■ **Problem description**
Your reply should hold every entry below exactly as written and none of the pictures.
+ + + + +
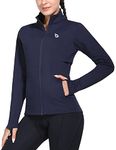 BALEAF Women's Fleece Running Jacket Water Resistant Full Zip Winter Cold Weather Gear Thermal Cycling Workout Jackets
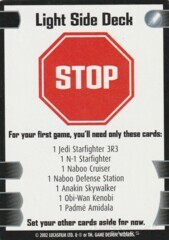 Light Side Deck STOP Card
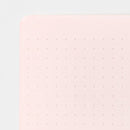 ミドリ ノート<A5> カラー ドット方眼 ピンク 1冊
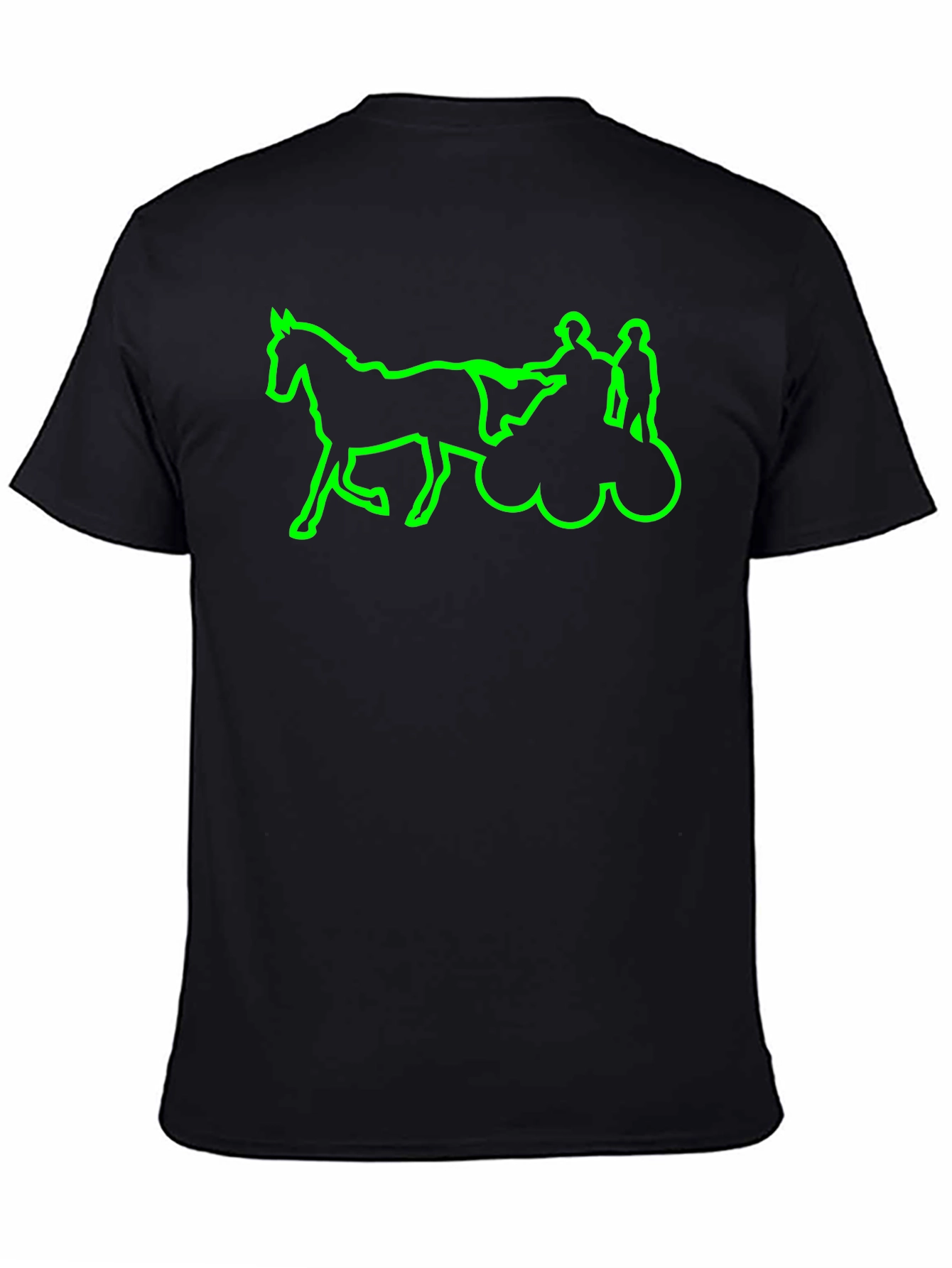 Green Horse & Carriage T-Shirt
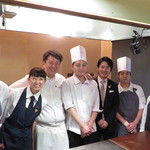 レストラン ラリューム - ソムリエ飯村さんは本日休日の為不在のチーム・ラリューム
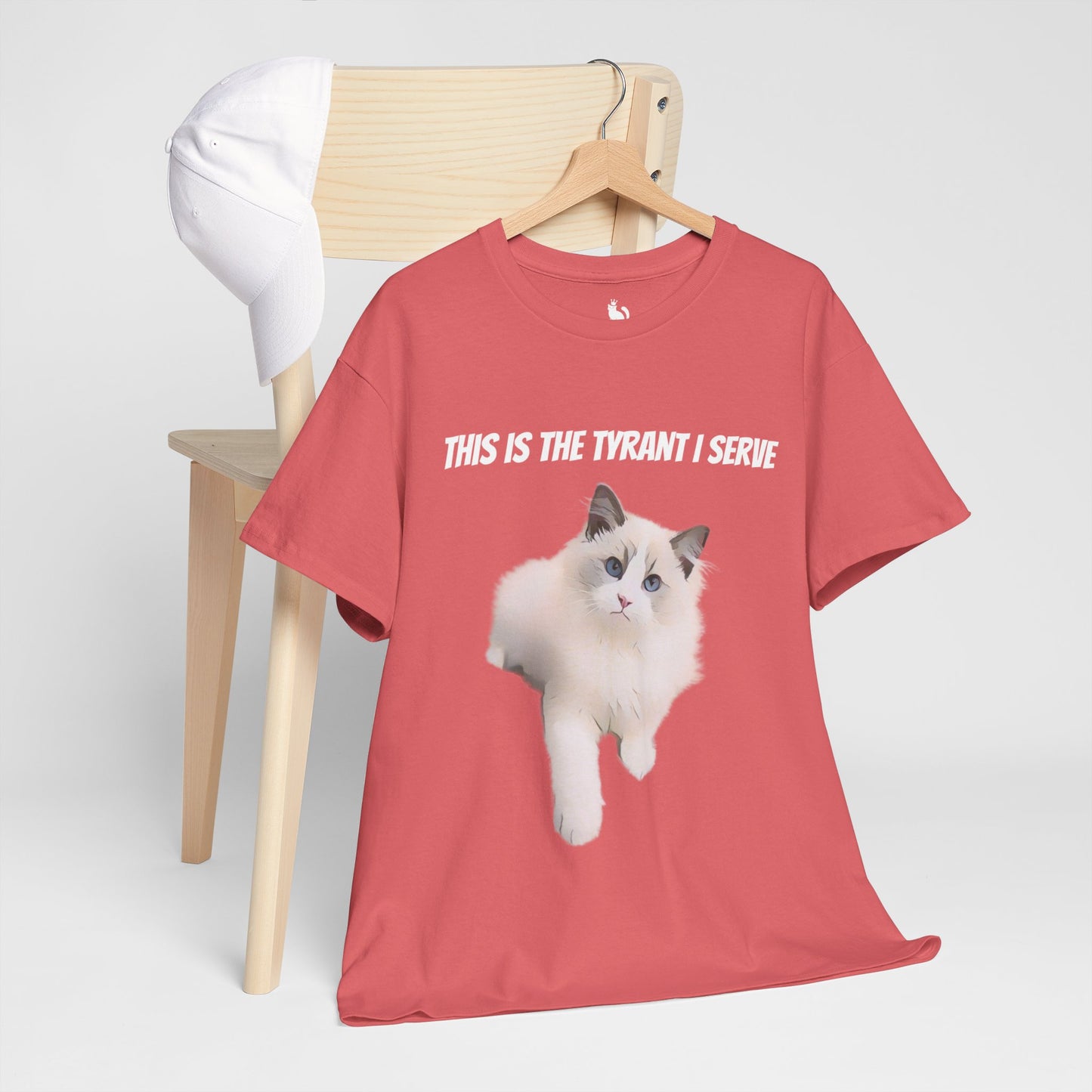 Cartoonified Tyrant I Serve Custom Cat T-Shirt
+ + + + +
■ **Solution for this exercise**
 BALEAF Women's Fleece Running Jacket Water Resistant Full Zip Winter Cold Weather Gear Thermal Cycling Workout Jackets
 Light Side Deck STOP Card
 ミドリ ノート<A5> カラー ドット方眼 ピンク 1冊
 Green Horse & Carriage T-Shirt
 レストラン ラリューム - ソムリエ飯村さんは本日休日の為不在のチーム・ラリューム
 Cartoonified Tyrant I Serve Custom Cat T-Shirt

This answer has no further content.